36. Don't eat breakfast cereals that change the color of the milk.

37. "The whiter the bread, the sooner you'll be dead" (prefer non-white bread. White flour is not much different from sugar).

38. Favor the kinds of oils and grains that have traditionally been stone-ground.

39. Eat all the junk food you want as long as you cook it yourself.

40. Be the kind of person who takes supplements – then skip the supplements. (There are exceptions to this rule, for people who have a specific nutrient deficiency or are older than fifty. And if you don't eat much fish, it couldn't hurt to take a fish oil supplement too).

41. Eat more like the French. Or the Japanese. Or the Italians. Or the Greeks.

42. Regard nontraditional foods with skepticism.

43. Have a glass of wine with dinner. (There is a plenty of research that people who drink moderately and regularly live longer and suffer considerably less heart disease. Most experts recommend no more than two drinks a day for men, one for women. Also, drinking a little evey day is better than drinking a lot on the weekends, and drinking with food is better than drinking without it).

Part III. How should I eat? (not too much)

44. Pay more, eat less. (I.e. spend more on better food).

45. ...Eat less.

46. Stop eating before you're full.

47. Eat when you are hungry, not when you are bored.

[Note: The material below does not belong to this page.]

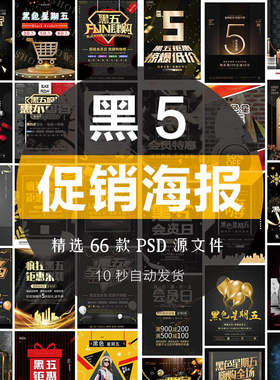 创意黑色星期五黑5活动促销海报DM黑金模板PSD分层排版设计素材图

48. Consult your gut. ("your eyes are bigger than your stomach".)

49. Eat slowly.

50. "The banquet is in the first bite." (No other bite will taste as good as the first, or previous one. Savor the food. As you go on, you'll be getting more calories, but no necessarily more pleasure).

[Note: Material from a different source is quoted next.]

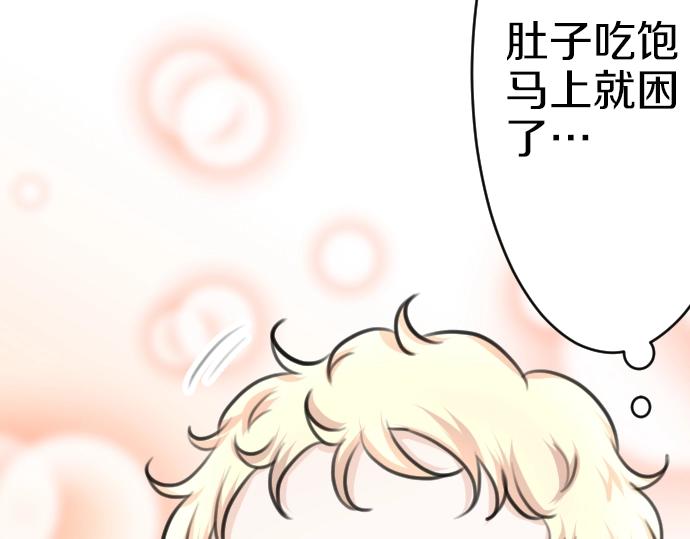 第31话 魔王喂奶56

51. Spend as much time enjoying the meal as it took to prepare it.

52. Buy smaller plates and glasses.

53. Serve a proper portion and don't go back for seconds.

54. "Breakfast like a king, lunch like a prince, dinner like a pauper."

55. Eat meals. (snack less)

56. Limit your snacks to unprocessed plant foods.

57. Don't get you fuel from the same place your car does.

58. Do all your eating at a table (a desk is not a table).

59. Try not to eat alone.

60. Treat treats as treats. Special occasion foods offer some of the great pleasures of life, so we shouldn't deprive ourselves of them, but make sure "special occasion" is not everyday.

61. Leave something on your plate.

62. Plant a vegetable garden if you have the space, a window box if you don't.

63. Cook. (People who cook are more likely to eat a more healthful diet)

64. Break the rules once in a while. Cultivate a relaxed attitude toward food. "All things in moderation, including moderation."